Python decorator with optional callable argument

Question

There are many answers here on how to detect if a python decorator is used with or without arguments. They typically look like this:

class MyDecorator(object):
   def __init__(self, *args):
      if len(args) == 1 and callable(args[0]):
         # no arguments
      else:
         # arguments

But now I have the following use-case:

@MyDecorator(lambda x:2*x)
def foo():
   pass

Which is wrongly detected as a 'no-argument' case.

Is there a way to detect this situation as well?

[edit: Added missing 'self' parameter]

Answer 1

Yes, but it will remain slightly hacky. The trick is to use named arguments. Besides that there is no clean way to differentiate between the different callables.

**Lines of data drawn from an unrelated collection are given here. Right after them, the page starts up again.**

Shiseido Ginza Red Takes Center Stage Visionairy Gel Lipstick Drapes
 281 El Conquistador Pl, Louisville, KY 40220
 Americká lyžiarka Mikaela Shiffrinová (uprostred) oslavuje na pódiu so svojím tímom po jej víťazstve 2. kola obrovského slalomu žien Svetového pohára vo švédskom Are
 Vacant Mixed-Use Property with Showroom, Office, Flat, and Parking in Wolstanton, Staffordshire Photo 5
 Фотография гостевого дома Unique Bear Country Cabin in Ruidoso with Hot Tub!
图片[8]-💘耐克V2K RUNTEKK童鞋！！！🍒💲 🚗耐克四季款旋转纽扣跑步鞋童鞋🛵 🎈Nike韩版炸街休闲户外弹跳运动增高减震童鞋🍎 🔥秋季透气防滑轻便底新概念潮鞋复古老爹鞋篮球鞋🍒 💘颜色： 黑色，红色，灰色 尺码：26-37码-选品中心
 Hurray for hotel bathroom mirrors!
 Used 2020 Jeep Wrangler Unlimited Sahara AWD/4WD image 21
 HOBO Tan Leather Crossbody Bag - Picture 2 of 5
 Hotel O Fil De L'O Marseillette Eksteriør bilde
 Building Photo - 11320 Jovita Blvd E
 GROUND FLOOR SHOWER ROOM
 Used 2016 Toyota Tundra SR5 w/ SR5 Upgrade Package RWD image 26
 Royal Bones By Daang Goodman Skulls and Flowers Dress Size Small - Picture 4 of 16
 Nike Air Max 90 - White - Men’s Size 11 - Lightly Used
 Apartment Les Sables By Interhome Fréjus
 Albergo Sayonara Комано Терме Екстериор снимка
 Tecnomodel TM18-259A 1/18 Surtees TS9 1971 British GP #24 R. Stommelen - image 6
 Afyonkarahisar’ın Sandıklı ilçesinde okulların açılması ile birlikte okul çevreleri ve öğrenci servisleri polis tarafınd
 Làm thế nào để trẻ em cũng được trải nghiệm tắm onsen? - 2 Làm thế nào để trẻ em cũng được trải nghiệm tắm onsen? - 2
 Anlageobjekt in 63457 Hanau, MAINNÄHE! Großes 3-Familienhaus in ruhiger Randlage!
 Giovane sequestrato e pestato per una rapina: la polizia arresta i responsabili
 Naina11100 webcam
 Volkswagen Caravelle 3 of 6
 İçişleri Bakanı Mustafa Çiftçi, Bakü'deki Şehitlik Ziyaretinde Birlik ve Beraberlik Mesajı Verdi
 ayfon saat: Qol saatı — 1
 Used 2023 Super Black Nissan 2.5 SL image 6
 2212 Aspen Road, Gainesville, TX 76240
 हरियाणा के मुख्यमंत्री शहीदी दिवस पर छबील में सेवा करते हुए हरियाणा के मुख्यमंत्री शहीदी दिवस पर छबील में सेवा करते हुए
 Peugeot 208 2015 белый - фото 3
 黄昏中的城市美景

class MyDecorator(object):
    def __init__(self, *args, **kwargs):
        if kwargs:
            # arguments
            print 'got %r as arguments'
        else:
            callable, = args

@MyDecorator(some_function=lambda x:2*x)
def foo():
    pass

Answer 2

The __init__ method requires a self parameter:

class MyDecorator(object):
   def __init__(self, *args):
      if len(args) == 1 and callable(args[0]):
         # no arguments
      else:
         # arguments

Without it you always have one argument at least and it will not be callable; it is the decorator instance instead. In other words, without an explicit self , *args will be two elements long when you pass in the argument and it'll be args[1] you wanted to test.